Enfournez le plat à mi-hauteur pour une durée de 40 minutes. La cuisson est parfaite lorsque la crème bouillonne sur les côtés et que le dessus du patia arbore une belle couleur dorée et gratinée. Pour vérifier, vous pouvez planter la pointe d’un couteau au centre : elle doit s’enfoncer sans aucune résistance. Une fois la cuisson terminée, sortez le plat du four et, c’est peut-être l’étape la plus difficile, laissez-le reposer sur une grille pendant au moins 10 minutes avant de le servir. Ce temps de repos est essentiel : il permet aux pommes de terre de finir d’absorber la crème, au plat de se ‘tenir’ et aux saveurs de se concentrer. Le service en sera grandement facilité.

Ermont

Mon astuce de chef

Pour une croûte encore plus gourmande et croustillante, vous pouvez passer votre plat sous le gril du four pendant les 2 à 3 dernières minutes de cuisson. Surveillez attentivement cette opération, car le gratin peut colorer très vite et passer de ‘parfaitement doré’ à ‘brûlé’ en quelques secondes. Cette astuce apportera un contraste de textures des plus agréables entre le fondant de l’intérieur et le croquant du dessus.

Quel vin pour accompagner le Patia ?

Le patia est un plat riche et onctueux. Pour l’accompagner, il faut un vin qui puisse trancher avec le gras de la crème tout en respectant la douceur de la pomme de terre. Un vin blanc sec et minéral sera un allié de choix. Tournez-vous vers la Vallée du Rhône, voisine du Forez, avec un Saint-Joseph blanc ou un Crozes-Hermitage blanc. Leurs notes de fleurs blanches, leur fraîcheur et leur belle acidité apporteront du peps et nettoieront le palais. Si vous préférez le vin rouge, optez pour un vin léger et fruité, comme un Gamay de la Côte Roannaise ou un Beaujolais-Villages, servi légèrement frais. Leurs tanins souples ne heurteront pas la texture crémeuse du plat.
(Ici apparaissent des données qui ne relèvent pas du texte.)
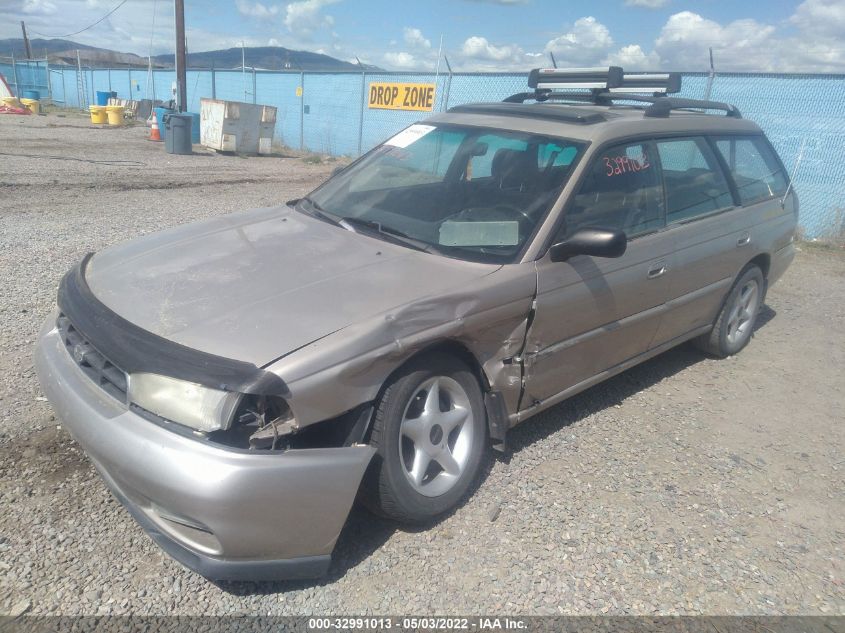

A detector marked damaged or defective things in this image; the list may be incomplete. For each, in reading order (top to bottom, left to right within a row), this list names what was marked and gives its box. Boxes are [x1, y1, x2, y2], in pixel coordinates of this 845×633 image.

Le patia, dont le nom viendrait du patois ‘pâtia’ signifiant ‘pâté’ ou ‘chiffon’, est profondément ancré dans l’histoire minière de la région de Saint-Étienne. C’était le plat typique des ‘gueules noires’, les mineurs, et de leurs familles. Économique, nourrissant et facile à préparer, il permettait de caler les estomacs après une rude journée de labeur au fond de la mine. Chaque famille avait sa propre version : avec du lait, de la crème, parfois les deux, avec ou sans ail… Il se cuisait longuement dans le four de la cuisinière à charbon, qui tournait en permanence pour chauffer la maison. Plus qu’une simple recette, le patia est donc un symbole de la culture ouvrière et de la convivialité stéphanoise, un plat qui réchauffe le corps et le cœur.